Ох, сдаётся мне, письмо оборвали, подсократили. В другой редакции было ещё:
«Однако не любовь к фейербаховскому человеку, к молешоттовскому «обмену веществ», к пролетариату, а любовь к любимой, именно к тебе, делает человека снова человеком в полном смысле этого слова».

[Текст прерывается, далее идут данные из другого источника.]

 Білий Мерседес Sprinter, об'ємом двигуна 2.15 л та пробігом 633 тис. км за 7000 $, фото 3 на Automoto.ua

А уже после этого шли поцелуйчики… Может, и верно, что сократили. Зачем нужны в любовном письме какие-то фейербахи100 с молешоттами?101
И ещё одно письмо.
К.Маркс – Ж.Маркс, 15 декабря 1863.
«Дорогая, сладкая, любимая Женни!
То, что я так долго не писал тебе, – конечно не потому, что забыл. Как раз наоборот. Я совершил паломничество к старому дому Вестфаленов (на Нойештрассе), который интересовал меня куда больше любых римских древностей, ибо напомнил мне о самых счастливых днях моей юности и о том, что взрастил в своих в своих стенах самое большое моё сокровище. Кроме того, меня каждый и со всех сторон спрашивают о «самой красивой девушке Трира» и о «королеве бала». Чертовски приятно сознавать, что твоя жена, словно зачарованная принцесса, живёт в памяти и воображении у целого города».
Автор письма пытается подсластить ту большую-большую горькую-горькую пилюлю, в которую обратилась для прусской аристократки Женни фон Вестфален её замужество.
1855 год. Одиннадцатилетняя Женихен описала маму-Женни так: «тоненькая, словно свечка за полпенса, и высохшая, словно селёдка»102.